Caption-style text data
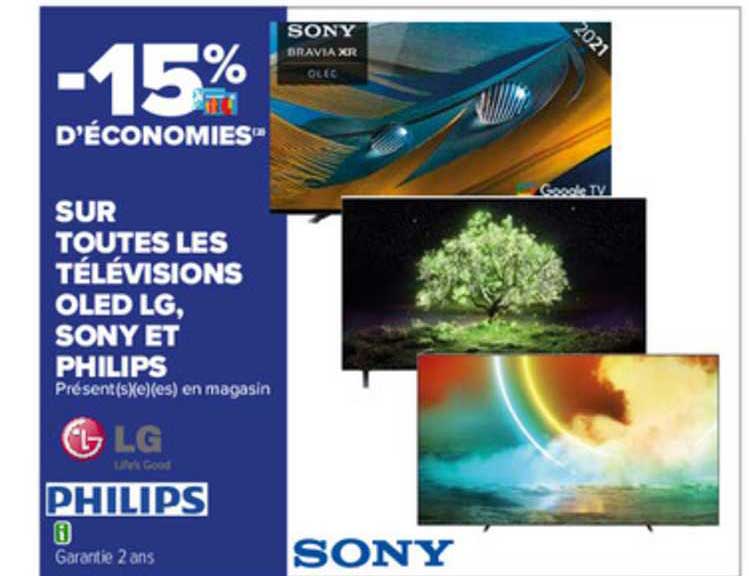 télévisions oled lg, sony et philips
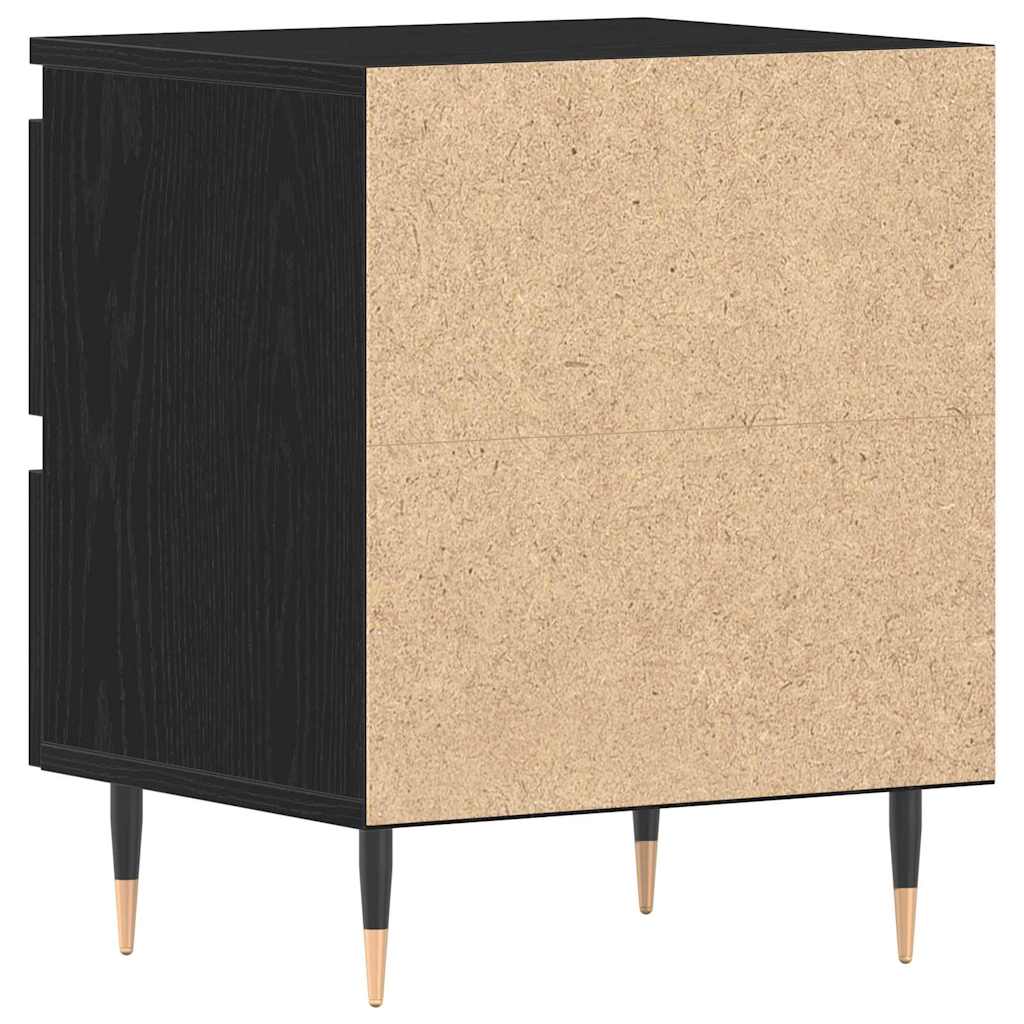 Nattbordskap med skuff Svart Eik 40 x 35 x 50 cm Konstruert tre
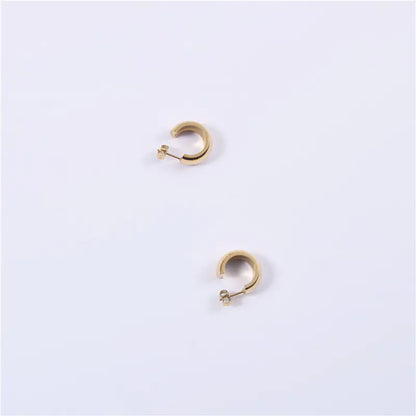 Exaggerated Hoop Earrings with Titanium Steel Studs
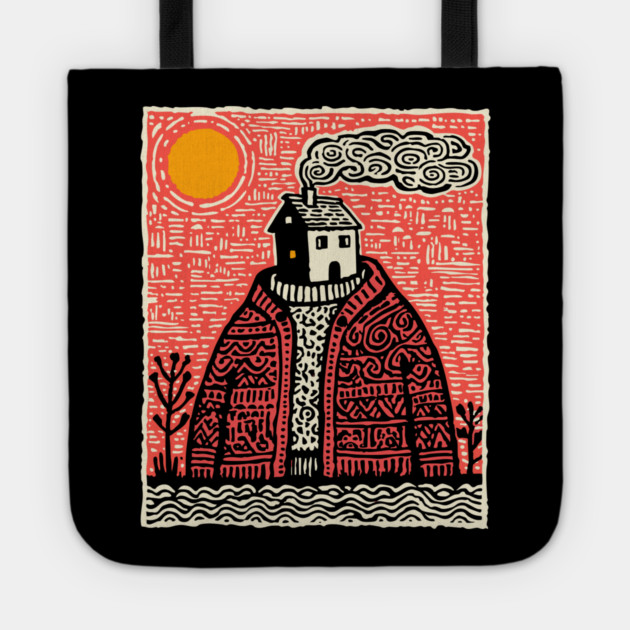 Wearing Home | Cozy Homesickness Art Tote by TuncGK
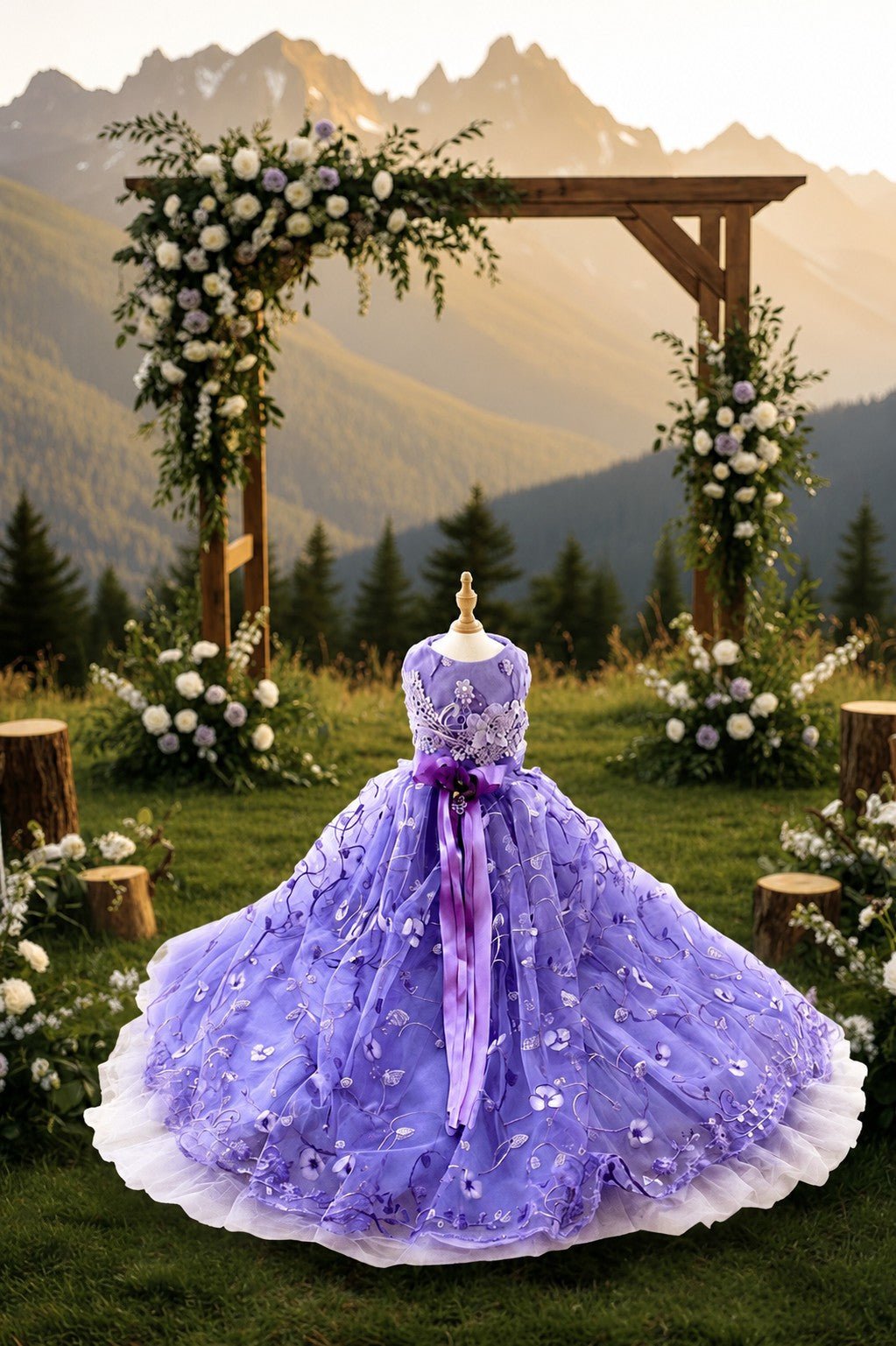 La Princesse Violette | Luxury Purple Dog Gown | Stella & Bone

Assigned task
Skip the pictures and give the entries above again word for word.

Worked solution
 télévisions oled lg, sony et philips
 Nattbordskap med skuff Svart Eik 40 x 35 x 50 cm Konstruert tre
 Exaggerated Hoop Earrings with Titanium Steel Studs
 Wearing Home | Cozy Homesickness Art Tote by TuncGK
 La Princesse Violette | Luxury Purple Dog Gown | Stella & Bone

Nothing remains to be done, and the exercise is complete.